#### STUDY MATERIAL

○ ○ ○

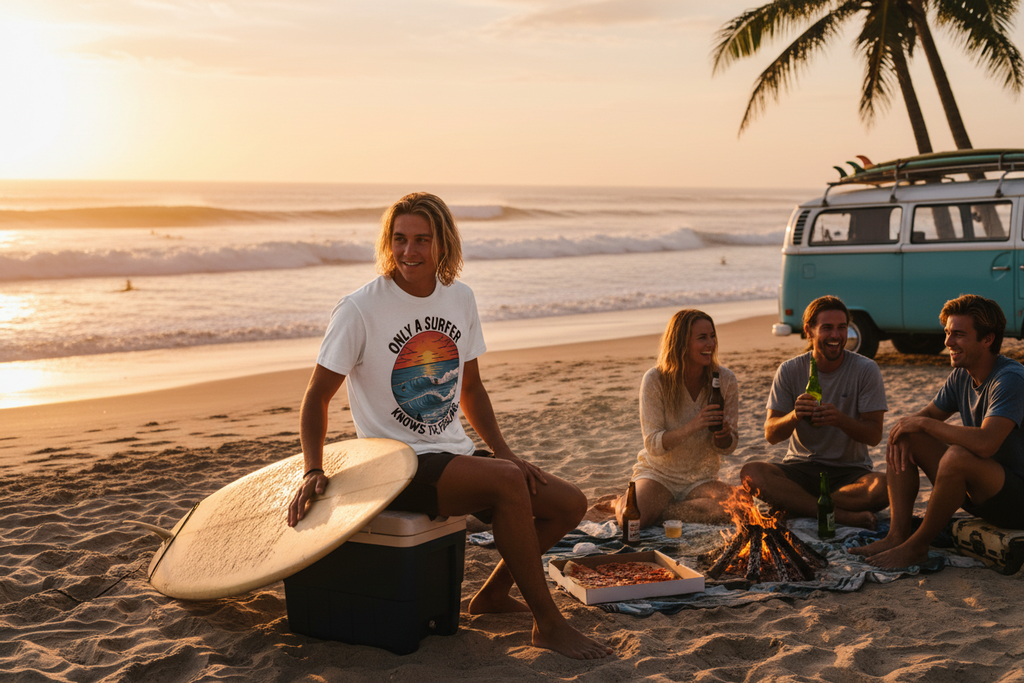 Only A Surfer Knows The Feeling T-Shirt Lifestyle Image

○ ○ ○

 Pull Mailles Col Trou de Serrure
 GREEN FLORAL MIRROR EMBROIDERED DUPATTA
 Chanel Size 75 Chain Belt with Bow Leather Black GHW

○ ○ ○

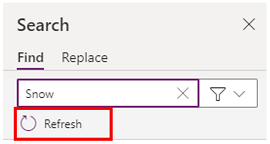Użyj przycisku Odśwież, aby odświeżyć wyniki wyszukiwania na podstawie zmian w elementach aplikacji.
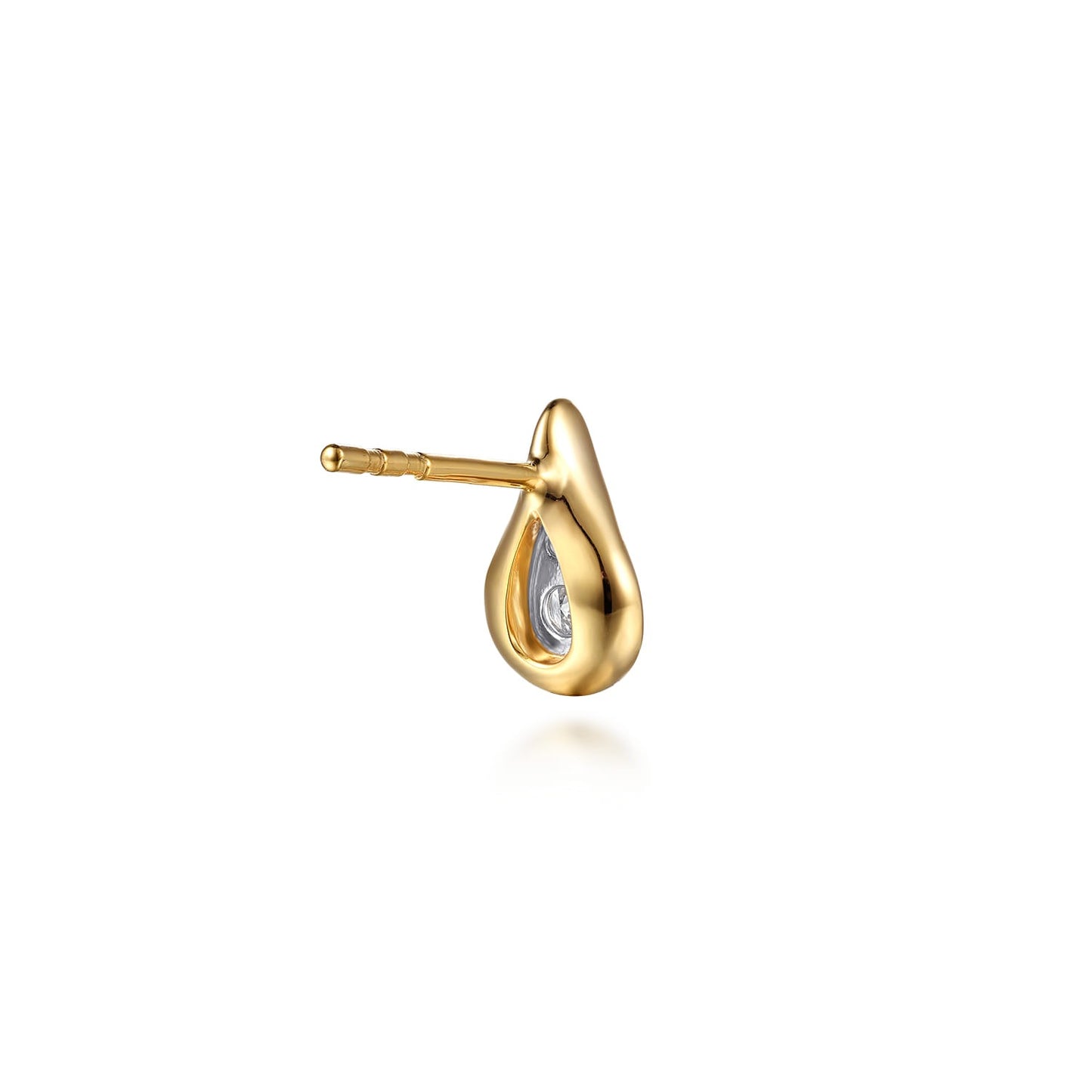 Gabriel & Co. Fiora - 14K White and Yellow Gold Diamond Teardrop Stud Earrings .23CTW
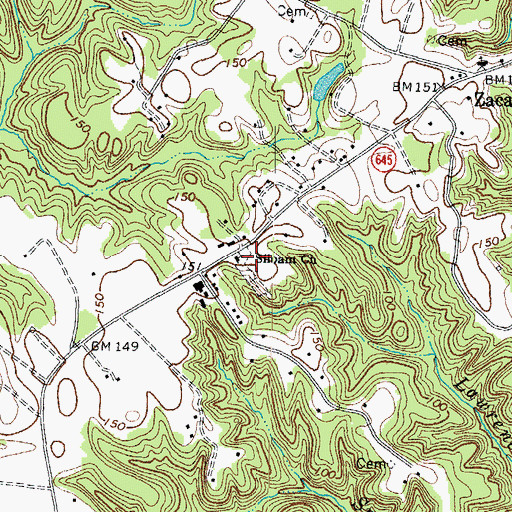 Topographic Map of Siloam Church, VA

○ ○ ○

#### TASK GOAL
Word for word, restate the lines of the listing above starting at the line with "GREEN FLORAL MIRROR EMBROIDERED DUPATTA" and ending at the line with "Chanel Size 75", and nothing outside them.

#### TASK RESPONSE
 GREEN FLORAL MIRROR EMBROIDERED DUPATTA
 Chanel Size 75 Chain Belt with Bow Leather Black GHW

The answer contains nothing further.